Civic work on R.T. Nagar main road in Bengaluru affects local businesses, motorists and residents

White-topping work started roughly six months ago, and is expected to be completed by September 30

April 24, 2024 02:31 pm | Updated May 01, 2024 09:45 pm IST - Bengaluru

The ongoing civic work at R.T. Nagar in Bengaluru.

The ongoing civic work at R.T. Nagar in Bengaluru. | Photo Credit: SUDHAKARA JAIN

The ongoing white-topping by the Bruhat Bengaluru Mahanagara Palike (BBMP) and drainage work undertaken by the Bangalore Water Supply and Sewerage Board (BWSSB) have rendered the R.T. Nagar main road a muddy mess, causing inconvenience to residents, businesses, and commuters.

White-topping work started roughly six months ago, and is expected to be completed by September 30.

B.S. Prahlad, Chief Engineer, BBMP, said, “The main road, which is currently an asphalt road, is being converted into a white-top concrete road. This is taking time. White-topped roads can last for the next 30 years. Hence, the nearby water drain and the footpaths are being remodelled. Further, certain utilities that were in the middle are being shifted to the side. All of this work will take some time.”

Eateries, clothing shops, stationery shops, and hardware shops have reported a business decline of up to 50% due to the construction work.

“Our customers have decreased by 50% since the construction began. Since the roads are being dug up on both sides, there is very limited space available to park vehicles. The huge amount of dust pollution has made it very hard for us to attract clients,” said Faruq Ahmed, a cashier at a restaurant.
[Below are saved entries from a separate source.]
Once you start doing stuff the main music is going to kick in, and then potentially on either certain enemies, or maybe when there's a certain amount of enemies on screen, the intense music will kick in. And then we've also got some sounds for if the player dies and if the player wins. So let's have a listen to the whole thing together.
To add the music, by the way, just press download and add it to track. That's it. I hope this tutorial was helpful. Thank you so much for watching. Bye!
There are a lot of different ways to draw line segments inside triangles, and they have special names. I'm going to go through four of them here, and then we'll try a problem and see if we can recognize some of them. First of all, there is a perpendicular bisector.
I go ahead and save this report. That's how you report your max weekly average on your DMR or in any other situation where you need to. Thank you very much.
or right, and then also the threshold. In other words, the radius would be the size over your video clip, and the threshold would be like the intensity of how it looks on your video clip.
He added that various eateries around the area have shut down as their business has taken a massive hit due to the construction. 

Sabana Begum, a resident, said, “I have definitely reduced stopping by the restaurants around this area due to the dust and constant traffic”.
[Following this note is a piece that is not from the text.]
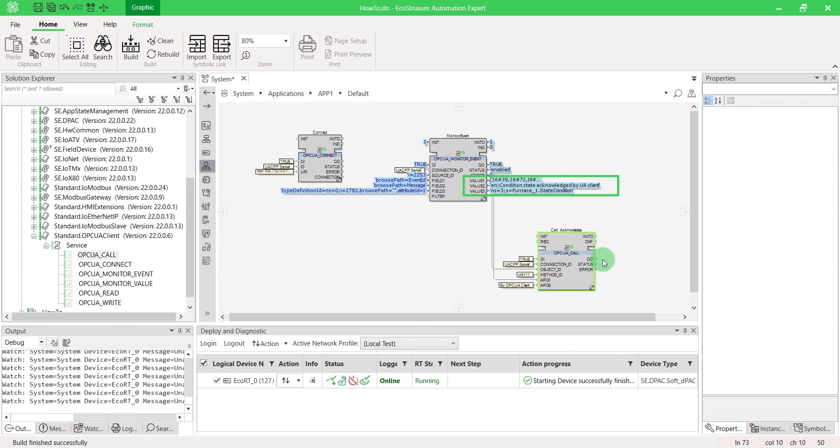That's it. Now you know how to use OPCUA client in EcoStruxure Automation Expert.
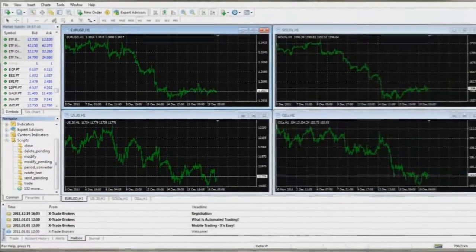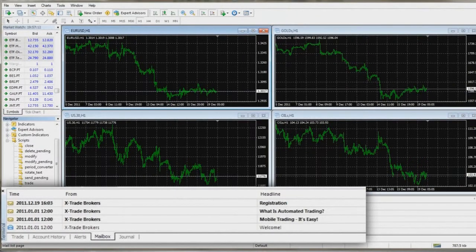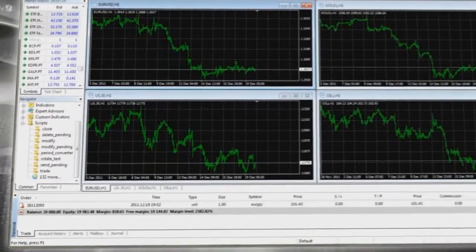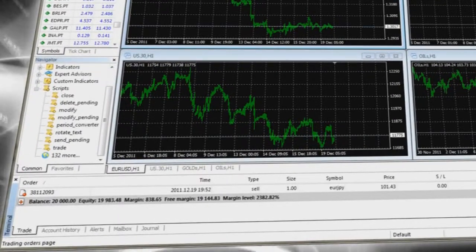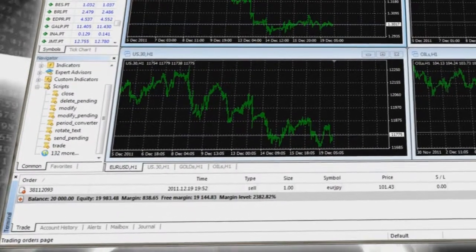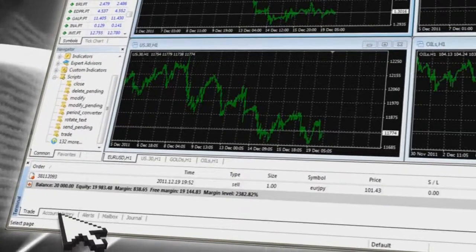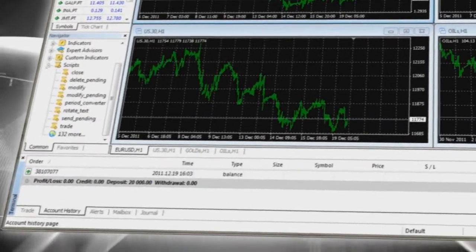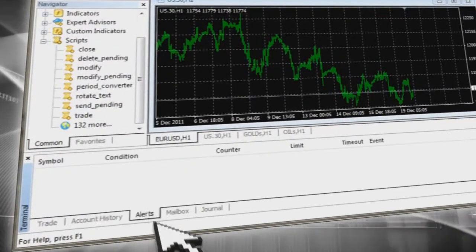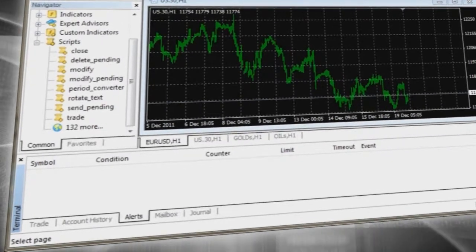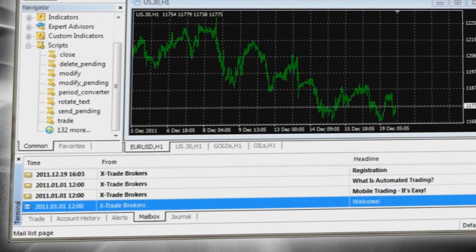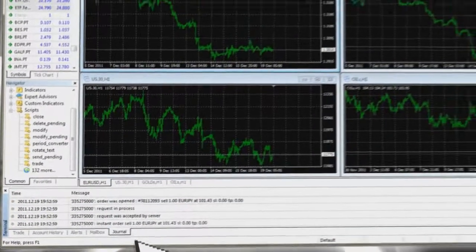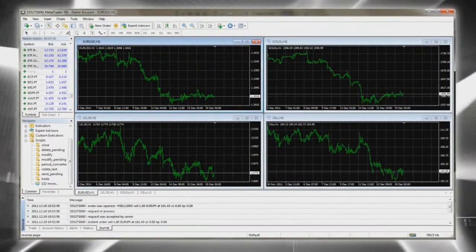At the bottom you will find the Terminal window, which provides access to your currently open trades. It also includes Account History for all your trades, Alerts where you can add your own custom alerts, a Mailbox containing all emails from the system and XTB, and a Journal showing your activity history.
Syed Saleem, the owner of a small hardware store on the main road, said, “The number of customers has drastically reduced since a good portion of the road has been occupied by construction material. The dust, paired with the lack of parking space, is becoming increasingly burdensome.” 

With the road dug up on both sides, mud piled up unevenly, and a web of unattended wires, the footpath has little space for pedestrians.  
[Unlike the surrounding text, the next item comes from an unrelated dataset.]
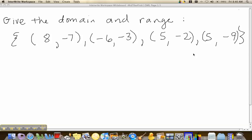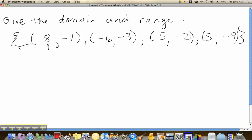In this problem we have the question: give the domain and range. The domain consists of the first number in the ordered pair. If you look here, 8, negative 6, 5, and 5 — those are the x values for these ordered pairs.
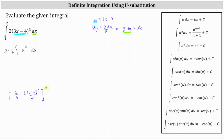Let's also show how we would find the new limits of integration if we leave the integral in terms of u. When x equals 1, u equals 3 times 1 minus 4, which is negative 1 — the lower limit of integration. When x equals 2, u equals 3 times 2 minus 4, which is 2. So if the integral is in terms of u, we use limits from negative 1 to 2; if the antiderivative is in terms of x, we use limits from 1 to 2.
S. Ranvir, a student, said, “There is no space to stand while purchasing anything in the roadside stalls.”

The congestion on the road has been exacerbated by the ongoing work, especially with many BMTC buses frequently moving on the road. Traffic often comes to a standstill for a few minutes when two buses move on the road in opposite directions.

Sumaya, a resident who travels along the road every day to get to work, said, “It takes me an hour to make it from one end of the road to the other when it only took me 20 minutes earlier. Big vehicles make it tedious for people driving two-wheelers like myself. They make the roads extremely dusty and harder to navigate.” 

M. N. Anucheth, Joint Commissioner (Traffic), Bengaluru, said, “Due to water-logging, BWSSB has also been building a strong water drainage system for the last month. Since the width of the road has decreased, the road has become congested, affecting movement of vehicles.”